I have no idea what the name means, but this is the best Trials game since…Trials HD. Throw in a liberal dose of Limbo and some gravity manipulation and you have a hard, precise bike game. On my phone.
Archer vs. Archers (Android)
What seems to be a cheap stickman game reveals itself to be one of the most hilarious things I’ve played this year. And it’s not just in the unlockable arrow upgrades, even though the exploding tip is a thing of devastating beauty. There’s sinew between the simple blocks that make up the players that give them a real human touch, together with a programmed tenacity that keeps enemies firing even when you’ve blown away their legs. A great, simple arcade thrill.
The Last Guardian (PS4)
It plays like a brick. A brick being slowly dragged through mud. And yet, the link between the characters and the sudden bursts of protective action have created some all-time great moments. My love for Ico and Shadow of the Colossus are giving The Last Guardian more breaks than it deserves, but it’s still an honour to witness that old Ueda Team Ico magic. And the soundtrack is amazing.
Best of 2016: Inside (PS4/XO/PC)
Inside is the video game that Kafka would have made if he’d known how to code and had a propensity for hallucinogens. Each room a puzzle, each puzzle bleeding into the next to tell a story that’s bleak and compelling and utterly unhinged in its finale. Truly unique and just wonderful.
The Movies of 2016 (Matt’s list is going to be much, much longer)
Ryan Reynolds finally gets to play the character that’s a compilation of his whole career. Should have been an unfunny disaster. Instead, it’s a light, ridiculous, violent delight.
10 Cloverfield Lane
Look, you put Mary Elizabeth Winstead in something and I’ll watch it. You put her in a bottle-movie horror, with John Goodman, and I’m there day one. And I wasn’t disappointed – just when you think you know where it’s going, it goes somewhere else altogether, and I really hope it’s the start of a series with Winstead going full Sigourney.
Captain America: Civil War
It’s not as good a story as Winter Soldier, falling into the Marvel trap of being a set of scenarios in which to throw around the ensemble, but it’s still a joy to watch.
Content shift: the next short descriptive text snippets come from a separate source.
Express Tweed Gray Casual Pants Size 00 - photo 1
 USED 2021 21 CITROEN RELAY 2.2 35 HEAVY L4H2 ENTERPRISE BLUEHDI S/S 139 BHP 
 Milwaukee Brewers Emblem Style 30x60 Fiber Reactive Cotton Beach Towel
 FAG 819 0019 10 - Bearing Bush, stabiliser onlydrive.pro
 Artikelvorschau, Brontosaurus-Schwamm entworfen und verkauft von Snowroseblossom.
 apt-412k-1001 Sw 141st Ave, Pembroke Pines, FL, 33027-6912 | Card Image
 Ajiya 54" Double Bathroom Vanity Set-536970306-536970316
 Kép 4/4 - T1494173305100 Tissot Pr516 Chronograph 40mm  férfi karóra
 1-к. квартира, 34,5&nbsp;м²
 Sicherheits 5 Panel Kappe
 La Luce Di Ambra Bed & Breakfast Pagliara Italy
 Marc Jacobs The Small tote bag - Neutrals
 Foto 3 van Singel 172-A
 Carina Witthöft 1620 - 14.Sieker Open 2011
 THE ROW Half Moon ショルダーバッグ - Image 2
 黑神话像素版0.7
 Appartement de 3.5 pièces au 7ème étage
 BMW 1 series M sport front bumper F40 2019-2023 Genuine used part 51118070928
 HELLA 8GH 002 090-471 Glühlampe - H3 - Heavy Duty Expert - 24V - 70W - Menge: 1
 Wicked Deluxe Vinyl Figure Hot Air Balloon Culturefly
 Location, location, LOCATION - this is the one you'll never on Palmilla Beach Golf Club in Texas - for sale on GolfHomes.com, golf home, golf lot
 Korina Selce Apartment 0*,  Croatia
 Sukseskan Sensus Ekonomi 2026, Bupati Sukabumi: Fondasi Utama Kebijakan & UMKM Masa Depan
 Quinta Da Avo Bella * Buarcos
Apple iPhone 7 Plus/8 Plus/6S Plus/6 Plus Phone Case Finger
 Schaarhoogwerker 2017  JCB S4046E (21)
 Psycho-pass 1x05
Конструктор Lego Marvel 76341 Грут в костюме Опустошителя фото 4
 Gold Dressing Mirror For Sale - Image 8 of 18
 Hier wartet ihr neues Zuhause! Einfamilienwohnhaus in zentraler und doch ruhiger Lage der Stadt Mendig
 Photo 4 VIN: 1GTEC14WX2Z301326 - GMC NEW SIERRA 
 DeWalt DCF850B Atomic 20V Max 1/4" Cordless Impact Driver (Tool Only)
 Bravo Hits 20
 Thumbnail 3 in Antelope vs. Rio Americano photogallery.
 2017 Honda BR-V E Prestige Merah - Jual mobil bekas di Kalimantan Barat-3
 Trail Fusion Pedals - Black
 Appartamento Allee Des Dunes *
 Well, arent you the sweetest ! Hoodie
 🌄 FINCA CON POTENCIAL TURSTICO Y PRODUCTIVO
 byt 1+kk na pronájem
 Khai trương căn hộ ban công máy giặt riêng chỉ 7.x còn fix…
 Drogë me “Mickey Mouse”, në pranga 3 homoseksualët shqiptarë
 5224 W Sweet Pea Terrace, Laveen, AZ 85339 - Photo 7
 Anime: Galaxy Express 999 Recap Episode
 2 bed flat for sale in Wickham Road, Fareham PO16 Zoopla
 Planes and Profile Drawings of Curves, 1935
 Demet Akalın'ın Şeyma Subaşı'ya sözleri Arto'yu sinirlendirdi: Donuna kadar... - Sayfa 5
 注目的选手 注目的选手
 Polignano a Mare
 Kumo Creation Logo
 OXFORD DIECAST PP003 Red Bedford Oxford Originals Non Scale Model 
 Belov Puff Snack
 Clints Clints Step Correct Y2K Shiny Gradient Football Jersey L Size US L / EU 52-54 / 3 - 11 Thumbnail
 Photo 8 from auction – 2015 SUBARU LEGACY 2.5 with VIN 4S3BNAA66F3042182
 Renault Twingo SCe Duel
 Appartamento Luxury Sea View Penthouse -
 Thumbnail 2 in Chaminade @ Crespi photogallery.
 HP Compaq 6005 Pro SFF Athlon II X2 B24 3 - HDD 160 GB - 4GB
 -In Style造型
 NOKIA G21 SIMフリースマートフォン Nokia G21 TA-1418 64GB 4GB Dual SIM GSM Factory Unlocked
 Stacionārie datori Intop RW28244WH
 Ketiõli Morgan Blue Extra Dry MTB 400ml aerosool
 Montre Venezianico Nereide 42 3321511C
Great action scenes, and a new Spider-Man that makes me think we might actually get another good standalone Spidey film.
It’s great. Takes the core of Ghostbusters and runs in its own direction. I love the original, and yet it’s possible to love this too. Who knew.
Star Trek Beyond
Just for the moment where the alien threat is wiped out with The Beastie Boys. A fantastic finale in an enjoyable film that finally seems able to get Kirk right.
La La Land
I’m still not sure I should have watched this – a deeply affecting and tender, bittersweet tale of love and dreams and life and music. Turns out they do make them like they used to. An instant classic, and so close to being my film of the year.
Best of 2016: Rogue One
I’m not blind to its faults – the greatest of which is the totally wasted Vader reveal – but it’s pure Star Wars heaven. It’s made for me, specifically for me, and I adore its message of tenacity and hope. A gritty, morally-ambiguous war story that adds a wonderful dimension to my all-time favourite movie.